Clearly, the momentum sought by the organizers is present. The New York conference was completely sold out and hosts at The New School had to open overflow space because the attendees didn’t fit into the main auditorium. Twitter exploded with tweets from those in attendance, and one person in the audience tweeted that the conference felt like “school/church/group therapy/party/protest/performance/projectmaking.” Martin concurred. "In some ways it's conference. But in other ways it's a massive movement-building exercise and experiment,” she says.

To the “movement-building” end,  conference organizers sponsored a contest called “Loved Bodies, Big Ideas” which invited participants to come up with concrete, replicable, activism-oriented ideas that would actually make a difference for changing body image. They got well over 100 submissions from participants of all ages and stripes. But the three winners were flown out to New York City. Here, (in brief) are their ideas:

One winner proposed new training to educate medical students about the psychological and social context that accompanies weight and fat--far beyond BMI measurements and a clinical approach. This training would increase doctor's sensitivity and also help patients be able to find supportive caring physicians who don't stigmatize them for their size, focusing on health instead of pounds.

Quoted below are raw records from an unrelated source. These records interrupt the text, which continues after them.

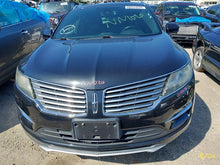 Load image into Gallery viewer, TRANSMISSION Lincoln MKC 2015 15 AWD - MM3166765
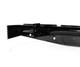 Ranch Hand BBD100BLSS - Legend Series Rear Bumper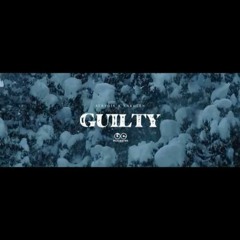 Seryoja ft Enkhlen - Guilty (official audio)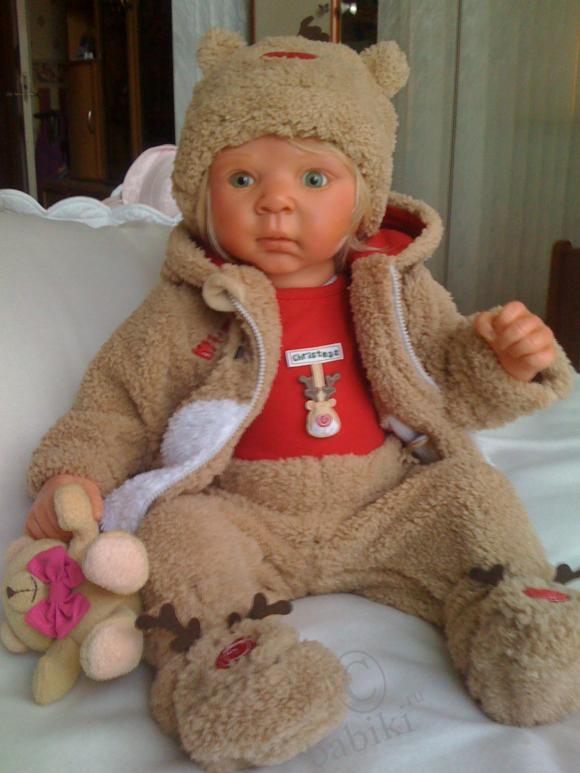 Тимоша - фотографии | Бэйбики Тимоша - фотографии — Куклы Реборн (Reborn): работы мастеров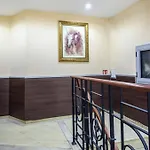 Hotel Art Varna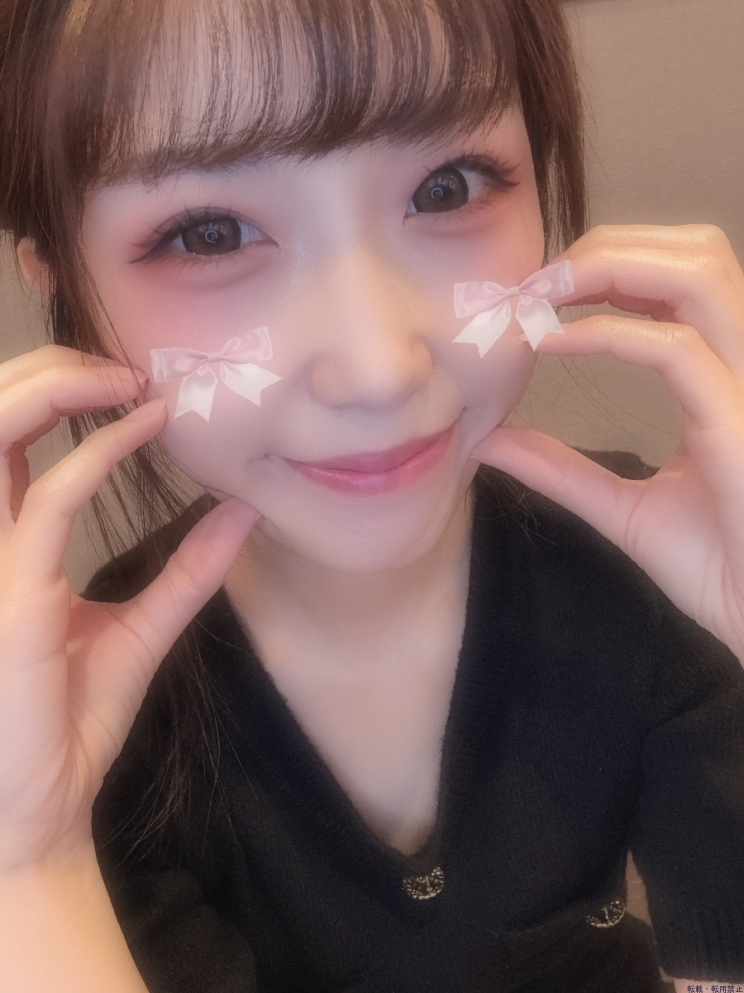 スタッフブログ画像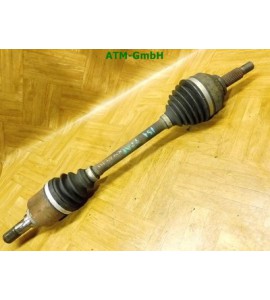Antriebswelle Gelenkwelle links Renault Traffic Fahrerseite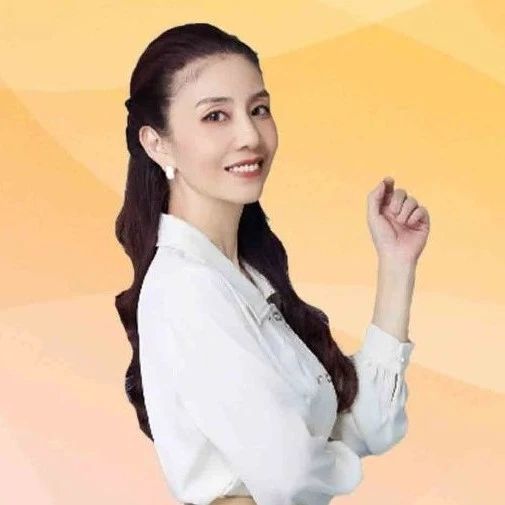 孔洪教授 | PRAISE-HFrEF研究解读：GLP-1RA助力HFrEF合并肥胖患者管理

To attack the culture of false ideals, another participant came up with a “reality stamp”--a certification to be used for media products that don't alter their images with airbrushing or photoshopping. As Martin says, it would give “leverage” to consumers  but by celebrating the good media outlets rather than decrying the bad ones. This idea seems to have potential to gain traction, considering that some media outlets are already self-advertising as photoshop-free, sensing a consumer backlash.

The third winner is an idea for local art that would channel the kind of work done by the Vagina Monologues, but focused on bodies as a whole. “The body outlaw theater projects” would be  theater projects for campuses, commuity centers, religious institutions to put on themselves, nuch as the vagina monologues have, with instructions on how to do a community theater project around body issues that go far beyond fat issues to include age, ability, and other prejudices that come up when striving to accept a diversity of bodies. The project would also interface with community groups to channel the energy created by the art into activism.

These ideas are the tip of the iceberg--and even for those of us who don't think about body image or personal health in a political context, they're extremely relevant. The war on women being perpetrated by the GOP at the state and national level, with bill after bill being introduced at lightning speed curtailing women’s control over their own bodies, is intimately connected to this personal issue. If we allow racism, sexism, and negative imagery to affect how we think of our bodies, how can we come together to protect them from pernicious laws and policies?

"Activism around the issue of body diversity is a very easy stepping stone to fighting racism and supporting reproductive justice,” says Martin. Without an overarching analysis, women (and men) are prone to think “this is my problem, this is my messed up body,” she says. “So to put it in a political and social context is totally imperative."